Der Machtkampf zwischen der ukrainischen Opposition und der Regierung in Kiew hat das Land nach den Worten von Ministerpräsident Nikolai Asarow in einen "unkontrollierbaren" Zustand versetzt. Tausende Demonstranten belagerten am Montag erneut das Regierungsviertel. Die Regierung rückte die Proteste in die Nähe eines "Staatsstreichs" und erhielt Rückendeckung aus Russland, während die Bundesregierung, die EU und die UN zum Dialog aufriefen.

Asarow äußerte sich bei einem Treffen mit europäischen Botschaftern. Er warf den Anführern der Kundgebungen vor, sich "illegaler Methoden" zu bedienen. Die oppositionellen Politiker hätten eine Radikalisierung der Proteste verursacht, so dass diese inzwischen einem "Staatsstreich" ähnelten.

Putin: Mehr Pogrom als Revolution

Der russische Präsident Wladimir Putin sagte bei einem Besuch in Armenien, die Ereignisse in der Ukraine erinnerten ihn "mehr an ein Pogrom als an eine Revolution". Die Kundgebungen würden aus dem Ausland gesteuert und hätten "nicht viel mit den Beziehungen zwischen der Ukraine und der Europäischen Union zu tun".
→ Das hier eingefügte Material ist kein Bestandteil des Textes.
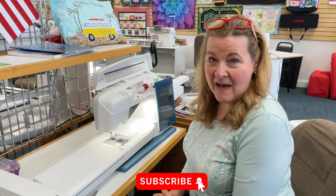Hi, it's Brenda with Lukes here to do an overview of the Designer Sapphire 85, an embroidery and sewing combo machine. Let's get started.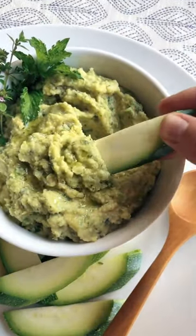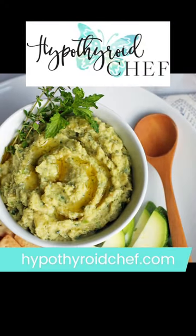And there you have it, AIP artichoke dip. You can find the recipe and more like it at hypothyroidchef.com.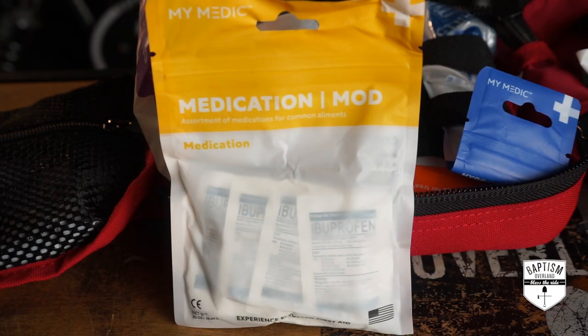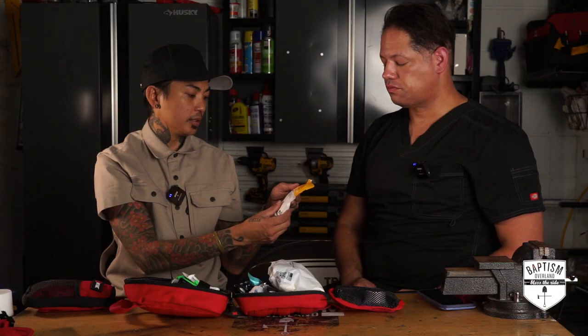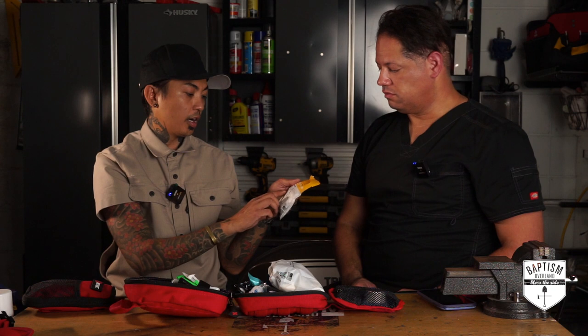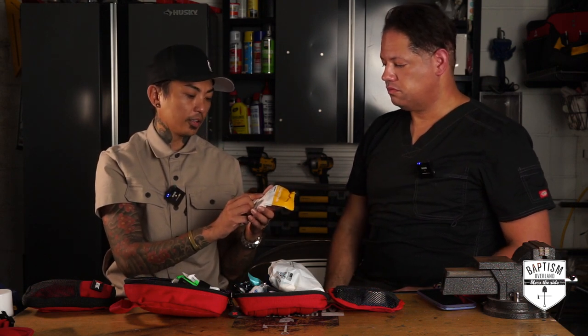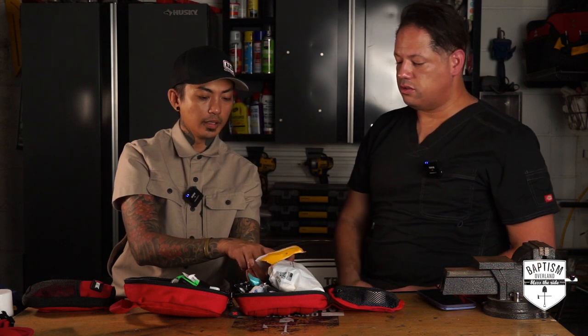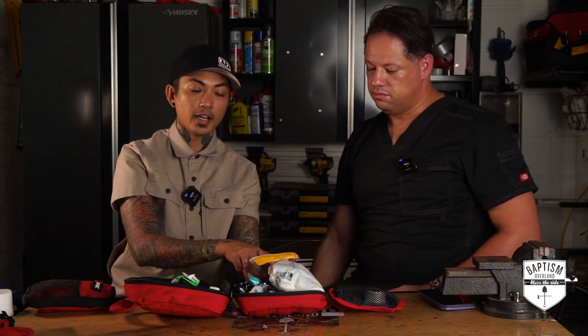Medication mods — in here you have ibuprofen, fever reducer, aspirin, Diotame for diarrhea and nausea, Dramamine for motion sickness. My wife brings Dramamine a lot when we go on boating trips. There's also Diphen — probably like a Benadryl or diphenhydramine — and Diamode, which is an anti-diarrheal.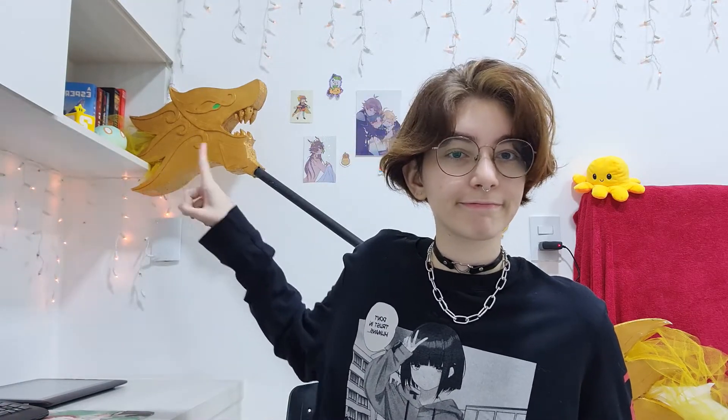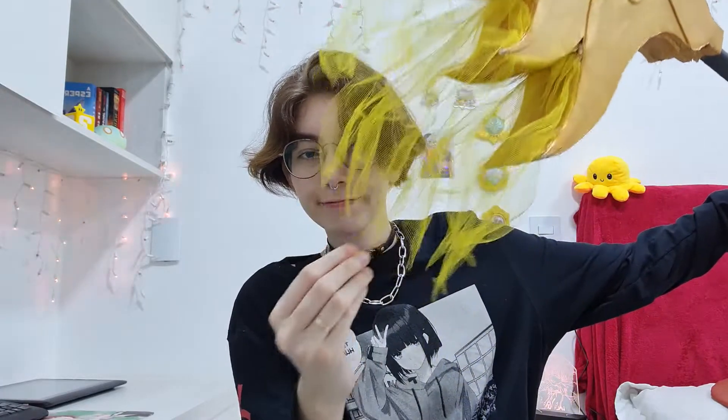In the same year, I made this Lux staff. It's from the skin Lunar Empress Lux from the game League of Legends. It was the first time I used EVA foam, but at that time I had only found 2mm EVA foam, so I used it just to make the details in the head of the dragon, a PVC pipe for the handle, and some fabric for the other details. To make the dragon look more thick, I just put everything I found in it. I didn't care about being perfect — I just needed it to be recognizable, and I reached my goal.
Die US-Regierung kritisierte Kiew dagegen scharf. Sprecher Jay Carney sagte, die "friedlichen Demonstrationen" dürften nicht in die Nähe eines Staatsstreichs gerückt werden. Das gewaltsame Vorgehen gegen Demonstranten sei "nicht akzeptabel". Auch UN-Generalsekretär Ban Ki Moon forderte nach Angaben seines Sprechers die Regierung in Kiew auf, das Recht auf freie Meinungsäußerung und das Recht auf friedliche Demonstrationen zu schützen.

Aufruf zum Gewaltverzicht

Wie Ban Ki Moon rief auch EU-Kommissionspräsident José Manuel Barroso beide Seiten zur Gewaltlosigkeit auf. Er habe Janukowitsch in einem Telefonat aufgefordert, umgehend den Dialog mit allen politischen Kräften zu suchen und die Bürgerrechte zu respektieren, hieß es in einer Erklärung. Janukowitsch kündigte demnach an, eine Delegation nach Brüssel zu schicken, um nochmals über Einzelheiten des geplatzten Assoziierungsabkommens zu diskutieren.

der ukrainische Regierungschef Nikolai Asarow (Foto: picture-alliance/dpa)
Nicht zimperlich bei seiner Wortwahl: der ukrainische Regierungschef Nikolai AsarowBild: picture-alliance/dpa

Auch die Bundesregierung rief alle Seiten zu einem Gewaltverzicht auf. Alle Konfliktparteien müssten dazu beitragen, dass es nicht zu einer weiteren Eskalation der Gewalt komme, sagte Regierungssprecher Steffen Seibert. Gleichzeitig forderte er die ukrainische Regierung dazu auf, alles zu tun, um die freie Meinungsäußerung und das Recht auf friedliche Demonstration zu schützen. Frankreichs Präsident François Hollande und Polens Ministerpräsidenten Donald Tusk verurteilten die Gewalt in Kiew ebenfalls und mahnten einen Dialog der politischen Lager an.

Misstrauensvotum gegen die Regierung

Wie unterdessen bekannt wurde, will das Parlament in Kiew am Dienstag über eine Absetzung Asarows abstimmen. Dazu haben die Regierungsgegner einen Misstrauensantrag eingebracht. Damit der Regierungschef seinen Posten verliert, sind mindestens 226 Stimmen nötig. Der Ausgang gilt als ungewiss.

Die Demonstranten in Kiew blockieren weiter die Eingänge zum Regierungssitz, das Rathaus der Stadt ist bereits seit Sonntag besetzt. Regierungsgegner kampieren auf dem Unabhängigkeitsplatz im Stadtzentrum, wo eine Zeltstadt errichtet wurde. Sie fordern den Rücktritt von Janukowitsch und Asarow. Der Chef der oppositionellen Udar-Partei, Boxweltmeister Vitali Klitschko, rief die Demonstranten dazu auf, bis zum Rücktritt des Staatschefs das Regierungsviertel zu belagern. Der Vorsitzende der nationalistischen Swoboda-Partei, Oleg Tiagnibok, forderte die Ukrainer zu einem landesweiten Streik auf.

Größte Demonstration seit der Orangenen Revolution

Die Wut der pro-europäischen Ukrainer hatte sich entladen, als Janukowitsch vor gut zehn Tagen auf Druck aus Russland ein lange geplantes Assoziierungsabkommen mit der EU gestoppt hatte. Seitdem gibt es Massenproteste gegen Janukowitsch und für die Fortsetzung der Annäherung an die EU.

Am Sonntag hatten sich trotz eines Demonstrationsverbots für die Innenstadt mehr als 100.000 Menschen auf dem Unabhängigkeitsplatz versammelt. Die größte Demonstration seit der Orangenen Revolution im Jahr 2004 verlief friedlich, am Rande der Kundgebung kam es jedoch zu Zusammenstößen mit der Polizei. Nach jüngsten Angaben der Behörden wurden 190 Menschen verletzt, unter ihnen Polizisten, Demonstranten und mehr als 40 Journalisten.